In my thesis "A Coding Perspective on Deep Latent Variable Models", we discuss how statistical inference in Deep Latent Variable Models (DLVMs) relates to coding.
In particular, we examine the minimum deception length (MDL) principle as a guide for statistical inference. In this context, we explore its relation to Bayesian inference. We shall see that despite both leading to similar algorithms, the MDL principle allows us to make no assumption about the data generating process. We merely restrict ourselves to finding regularity in the observed data, where regularity is connected to the ability to compress. We thus find that learning DLVMs is equivalent to minimizing the cost for communicating (compressing) a set of observations. One common approach to communication is to send a hypothesis (or model), and subsequently the data misfit under the aforementioned model. This is known as the two-part code. In this thesis, we will mainly focus on the so-called Bayesian code -- a theoretically more effective code than the two-part code.

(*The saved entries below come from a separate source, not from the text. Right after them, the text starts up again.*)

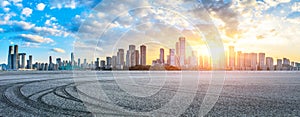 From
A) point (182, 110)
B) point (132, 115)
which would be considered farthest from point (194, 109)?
point (132, 115)

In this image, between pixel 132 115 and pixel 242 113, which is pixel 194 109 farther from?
pixel 132 115

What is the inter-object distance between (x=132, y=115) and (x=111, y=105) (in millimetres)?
2221

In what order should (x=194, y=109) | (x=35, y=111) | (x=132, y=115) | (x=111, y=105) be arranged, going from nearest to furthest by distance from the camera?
(x=132, y=115) < (x=35, y=111) < (x=194, y=109) < (x=111, y=105)

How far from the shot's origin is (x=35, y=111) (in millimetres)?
9336

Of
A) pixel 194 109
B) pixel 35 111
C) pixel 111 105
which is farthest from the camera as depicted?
pixel 111 105

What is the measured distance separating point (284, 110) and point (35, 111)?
8.76 metres

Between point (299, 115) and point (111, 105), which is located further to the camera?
point (111, 105)

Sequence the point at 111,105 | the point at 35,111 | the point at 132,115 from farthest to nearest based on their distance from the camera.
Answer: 1. the point at 111,105
2. the point at 35,111
3. the point at 132,115

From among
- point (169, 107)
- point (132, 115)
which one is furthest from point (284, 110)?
point (132, 115)

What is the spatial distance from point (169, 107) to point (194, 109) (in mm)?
1004

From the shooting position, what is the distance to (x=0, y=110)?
9664 millimetres

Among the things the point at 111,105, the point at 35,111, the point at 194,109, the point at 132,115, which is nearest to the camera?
the point at 132,115

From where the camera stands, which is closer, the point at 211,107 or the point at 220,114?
the point at 220,114

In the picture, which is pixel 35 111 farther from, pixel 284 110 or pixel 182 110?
pixel 284 110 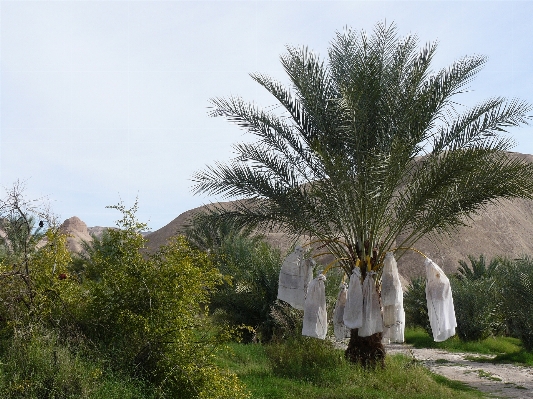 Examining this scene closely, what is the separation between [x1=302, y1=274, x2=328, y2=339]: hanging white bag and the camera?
35.0 feet

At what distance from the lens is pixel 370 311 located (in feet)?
33.9

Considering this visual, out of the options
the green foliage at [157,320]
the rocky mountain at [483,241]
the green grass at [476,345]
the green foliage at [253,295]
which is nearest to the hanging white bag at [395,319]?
the green foliage at [157,320]

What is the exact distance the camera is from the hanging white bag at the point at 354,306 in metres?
10.2

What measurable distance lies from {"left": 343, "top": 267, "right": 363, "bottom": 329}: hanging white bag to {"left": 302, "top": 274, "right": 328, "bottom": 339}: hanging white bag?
53cm

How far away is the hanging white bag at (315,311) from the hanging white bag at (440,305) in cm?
186

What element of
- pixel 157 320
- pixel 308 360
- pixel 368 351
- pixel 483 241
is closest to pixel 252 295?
pixel 308 360

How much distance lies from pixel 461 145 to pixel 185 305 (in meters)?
5.67

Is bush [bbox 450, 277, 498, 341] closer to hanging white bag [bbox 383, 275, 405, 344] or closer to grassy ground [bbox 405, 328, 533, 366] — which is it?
grassy ground [bbox 405, 328, 533, 366]

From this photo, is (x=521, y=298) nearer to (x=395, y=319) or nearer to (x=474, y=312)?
(x=474, y=312)

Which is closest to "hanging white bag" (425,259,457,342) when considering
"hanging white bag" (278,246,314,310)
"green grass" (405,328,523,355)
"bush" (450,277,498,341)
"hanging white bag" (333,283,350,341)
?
"hanging white bag" (333,283,350,341)

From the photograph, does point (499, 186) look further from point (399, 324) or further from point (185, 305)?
point (185, 305)

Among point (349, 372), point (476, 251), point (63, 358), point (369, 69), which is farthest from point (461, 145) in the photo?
point (476, 251)

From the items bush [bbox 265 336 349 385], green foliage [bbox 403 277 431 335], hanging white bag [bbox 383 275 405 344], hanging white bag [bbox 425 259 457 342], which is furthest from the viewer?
green foliage [bbox 403 277 431 335]

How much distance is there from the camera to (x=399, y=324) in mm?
10531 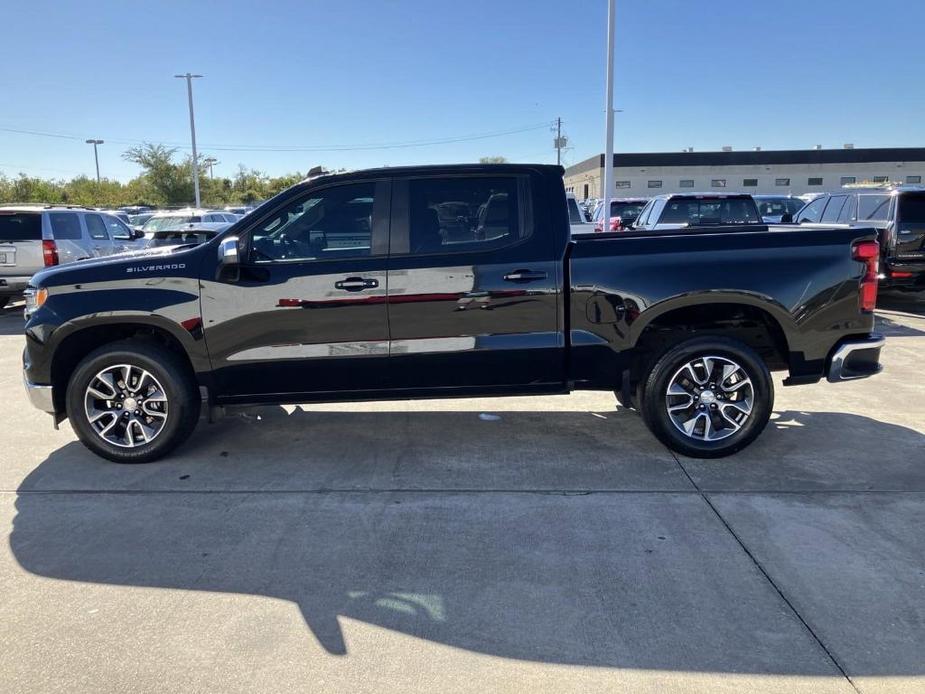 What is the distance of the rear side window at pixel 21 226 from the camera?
1220cm

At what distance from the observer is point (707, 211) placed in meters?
12.6

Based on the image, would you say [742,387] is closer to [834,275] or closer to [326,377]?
[834,275]

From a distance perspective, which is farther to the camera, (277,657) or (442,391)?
(442,391)

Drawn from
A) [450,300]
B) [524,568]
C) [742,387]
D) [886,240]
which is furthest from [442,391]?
[886,240]

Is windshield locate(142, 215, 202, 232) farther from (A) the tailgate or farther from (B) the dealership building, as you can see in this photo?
(B) the dealership building

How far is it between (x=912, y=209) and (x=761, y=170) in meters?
44.7

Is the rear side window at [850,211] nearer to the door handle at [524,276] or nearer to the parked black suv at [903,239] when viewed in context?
the parked black suv at [903,239]

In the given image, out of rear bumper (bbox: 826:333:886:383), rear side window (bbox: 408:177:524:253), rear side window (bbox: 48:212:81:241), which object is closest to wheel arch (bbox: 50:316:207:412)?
rear side window (bbox: 408:177:524:253)

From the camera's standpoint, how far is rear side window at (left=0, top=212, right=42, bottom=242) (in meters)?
12.2

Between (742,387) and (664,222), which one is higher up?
(664,222)

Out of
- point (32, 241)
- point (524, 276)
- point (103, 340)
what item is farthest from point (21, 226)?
point (524, 276)

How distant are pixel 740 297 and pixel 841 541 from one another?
175 centimetres

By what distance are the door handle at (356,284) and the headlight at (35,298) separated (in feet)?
6.82

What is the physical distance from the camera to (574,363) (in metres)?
5.10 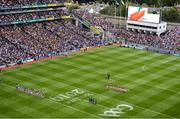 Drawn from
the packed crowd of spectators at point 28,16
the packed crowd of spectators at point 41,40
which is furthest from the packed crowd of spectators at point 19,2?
the packed crowd of spectators at point 41,40

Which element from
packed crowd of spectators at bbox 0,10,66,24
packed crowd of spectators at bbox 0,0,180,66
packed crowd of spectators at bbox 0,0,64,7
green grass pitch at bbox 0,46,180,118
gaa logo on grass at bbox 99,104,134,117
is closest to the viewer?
gaa logo on grass at bbox 99,104,134,117

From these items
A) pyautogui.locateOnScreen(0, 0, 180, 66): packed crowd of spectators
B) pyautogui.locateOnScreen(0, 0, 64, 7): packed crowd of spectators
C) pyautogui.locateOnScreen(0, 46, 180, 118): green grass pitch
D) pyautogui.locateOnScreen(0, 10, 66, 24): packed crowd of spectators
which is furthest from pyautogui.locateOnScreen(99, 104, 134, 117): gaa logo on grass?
pyautogui.locateOnScreen(0, 0, 64, 7): packed crowd of spectators

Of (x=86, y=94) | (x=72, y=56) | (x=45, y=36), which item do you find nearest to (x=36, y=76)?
(x=86, y=94)

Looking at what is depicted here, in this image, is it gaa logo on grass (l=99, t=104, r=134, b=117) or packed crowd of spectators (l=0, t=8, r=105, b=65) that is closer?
gaa logo on grass (l=99, t=104, r=134, b=117)

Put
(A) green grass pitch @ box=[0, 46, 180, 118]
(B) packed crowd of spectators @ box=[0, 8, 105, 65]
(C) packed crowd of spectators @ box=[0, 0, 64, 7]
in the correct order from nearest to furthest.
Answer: (A) green grass pitch @ box=[0, 46, 180, 118] → (B) packed crowd of spectators @ box=[0, 8, 105, 65] → (C) packed crowd of spectators @ box=[0, 0, 64, 7]

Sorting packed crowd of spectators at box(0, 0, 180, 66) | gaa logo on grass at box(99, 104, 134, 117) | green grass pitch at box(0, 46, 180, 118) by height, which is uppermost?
packed crowd of spectators at box(0, 0, 180, 66)

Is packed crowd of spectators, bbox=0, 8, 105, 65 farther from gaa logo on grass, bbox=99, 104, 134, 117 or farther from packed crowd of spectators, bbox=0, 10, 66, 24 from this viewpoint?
gaa logo on grass, bbox=99, 104, 134, 117

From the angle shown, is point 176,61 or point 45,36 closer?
point 176,61

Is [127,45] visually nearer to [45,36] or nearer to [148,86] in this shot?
[45,36]

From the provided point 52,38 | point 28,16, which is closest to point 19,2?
point 28,16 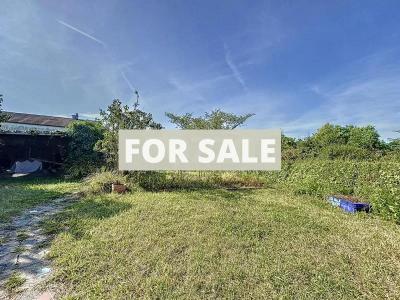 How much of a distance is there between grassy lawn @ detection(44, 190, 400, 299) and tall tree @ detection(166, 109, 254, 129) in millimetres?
15642

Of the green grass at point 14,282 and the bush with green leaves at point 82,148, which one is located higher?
the bush with green leaves at point 82,148

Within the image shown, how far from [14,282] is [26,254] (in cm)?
83

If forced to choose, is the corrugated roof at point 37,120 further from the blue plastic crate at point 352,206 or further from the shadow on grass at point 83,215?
the blue plastic crate at point 352,206

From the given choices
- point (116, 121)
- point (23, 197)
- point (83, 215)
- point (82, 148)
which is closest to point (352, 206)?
point (83, 215)

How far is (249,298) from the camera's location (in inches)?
104

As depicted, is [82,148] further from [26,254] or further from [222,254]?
[222,254]

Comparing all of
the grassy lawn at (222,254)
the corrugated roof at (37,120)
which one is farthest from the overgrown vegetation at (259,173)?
the corrugated roof at (37,120)

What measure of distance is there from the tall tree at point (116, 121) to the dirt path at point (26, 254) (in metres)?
4.19

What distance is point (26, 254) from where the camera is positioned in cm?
367

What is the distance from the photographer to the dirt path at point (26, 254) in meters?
2.81

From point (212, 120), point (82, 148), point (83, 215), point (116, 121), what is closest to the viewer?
point (83, 215)

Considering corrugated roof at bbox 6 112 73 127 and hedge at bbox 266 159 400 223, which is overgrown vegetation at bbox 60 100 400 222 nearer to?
hedge at bbox 266 159 400 223

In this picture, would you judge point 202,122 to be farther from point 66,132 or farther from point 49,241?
point 49,241

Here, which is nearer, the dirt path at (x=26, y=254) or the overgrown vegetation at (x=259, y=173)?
the dirt path at (x=26, y=254)
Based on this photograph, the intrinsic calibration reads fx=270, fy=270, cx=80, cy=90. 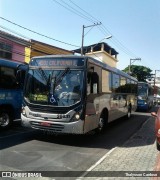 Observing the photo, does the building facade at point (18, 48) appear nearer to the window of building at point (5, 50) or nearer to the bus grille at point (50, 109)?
the window of building at point (5, 50)

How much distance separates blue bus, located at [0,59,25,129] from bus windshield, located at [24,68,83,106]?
1.37m

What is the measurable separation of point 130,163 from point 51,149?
244cm

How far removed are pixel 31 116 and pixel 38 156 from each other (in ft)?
6.74

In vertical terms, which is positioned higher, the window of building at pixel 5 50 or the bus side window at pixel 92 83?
the window of building at pixel 5 50

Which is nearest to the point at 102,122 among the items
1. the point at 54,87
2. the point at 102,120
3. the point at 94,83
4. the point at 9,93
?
the point at 102,120

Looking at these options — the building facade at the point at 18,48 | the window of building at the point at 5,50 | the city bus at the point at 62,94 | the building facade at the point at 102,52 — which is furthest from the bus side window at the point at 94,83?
the building facade at the point at 102,52

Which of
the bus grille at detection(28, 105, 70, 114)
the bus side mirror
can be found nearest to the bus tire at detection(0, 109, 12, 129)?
the bus side mirror

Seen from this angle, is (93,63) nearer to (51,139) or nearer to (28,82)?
(28,82)

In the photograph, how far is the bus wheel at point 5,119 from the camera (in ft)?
34.3

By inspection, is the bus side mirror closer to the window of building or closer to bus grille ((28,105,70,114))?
bus grille ((28,105,70,114))

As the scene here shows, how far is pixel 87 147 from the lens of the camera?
845 centimetres

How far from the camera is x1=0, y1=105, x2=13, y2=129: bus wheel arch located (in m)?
10.4

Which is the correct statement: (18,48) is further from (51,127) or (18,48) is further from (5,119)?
(51,127)

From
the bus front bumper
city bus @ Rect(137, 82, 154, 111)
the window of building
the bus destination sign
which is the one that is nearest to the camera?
the bus front bumper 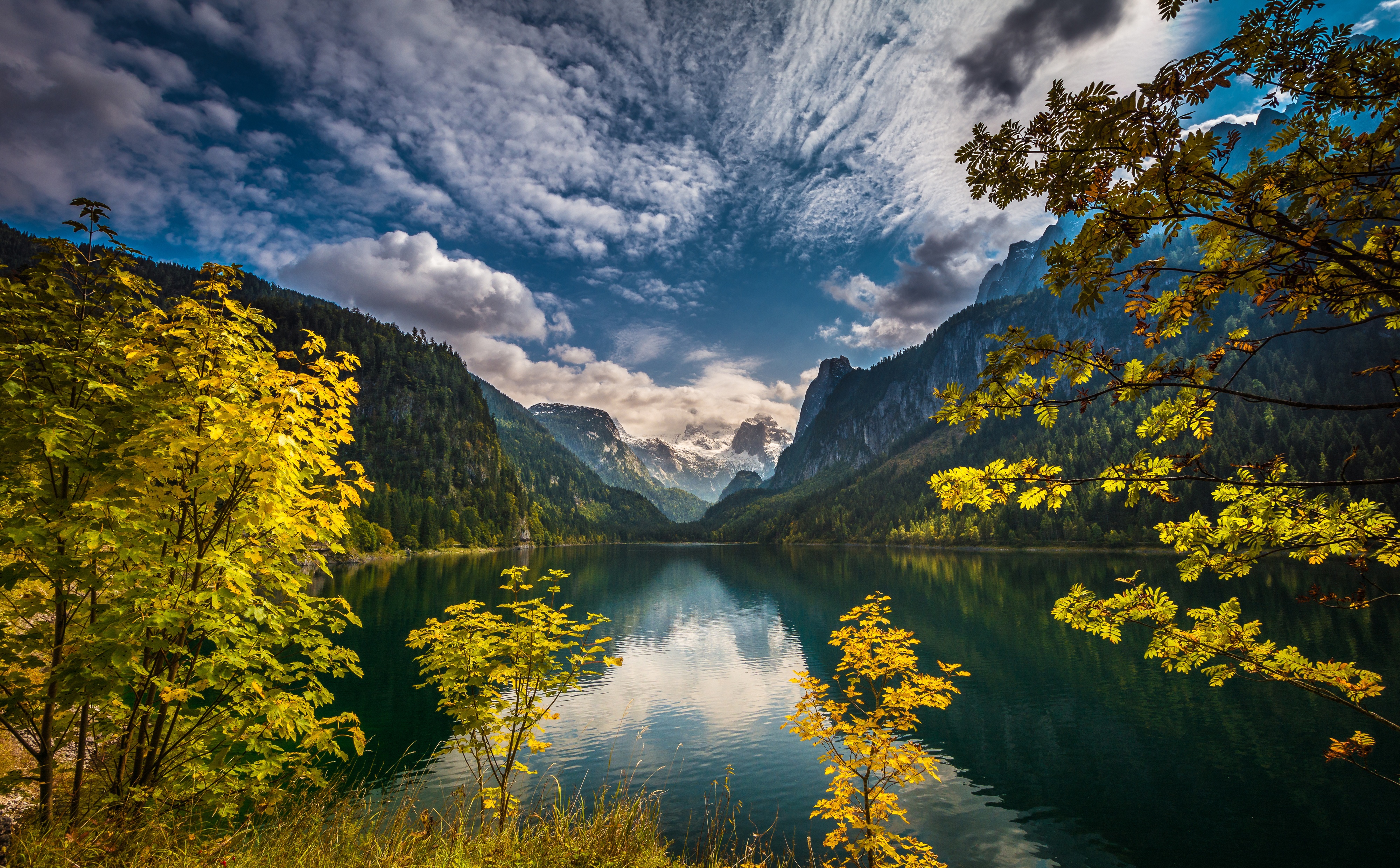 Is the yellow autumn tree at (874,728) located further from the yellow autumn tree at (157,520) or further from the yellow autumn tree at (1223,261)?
the yellow autumn tree at (157,520)

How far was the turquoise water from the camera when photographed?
15.4m

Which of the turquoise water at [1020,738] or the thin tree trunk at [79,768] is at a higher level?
the thin tree trunk at [79,768]

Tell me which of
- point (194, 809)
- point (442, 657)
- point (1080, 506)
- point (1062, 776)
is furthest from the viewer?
point (1080, 506)

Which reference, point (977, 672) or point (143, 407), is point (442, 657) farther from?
point (977, 672)

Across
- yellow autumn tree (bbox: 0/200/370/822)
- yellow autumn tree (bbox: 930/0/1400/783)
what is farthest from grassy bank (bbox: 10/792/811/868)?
yellow autumn tree (bbox: 930/0/1400/783)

Somewhat counter-intuitively, the Bayesian inference method will allow us to compute the code length without knowing the code nor the coding scheme that achieved this code length. The purpose of this thesis is to close this gap by developing respective coding schemes. We will, inspired and guided by the MDL principle, look for the codes that achieve the code length predicted by MDL. A special focus lies on differentiable functions, and more precisely, deep neural networks, learned by way of large quantities of high dimensional data. We will investigate model compression as well as source compression through the lens of the MDL principle.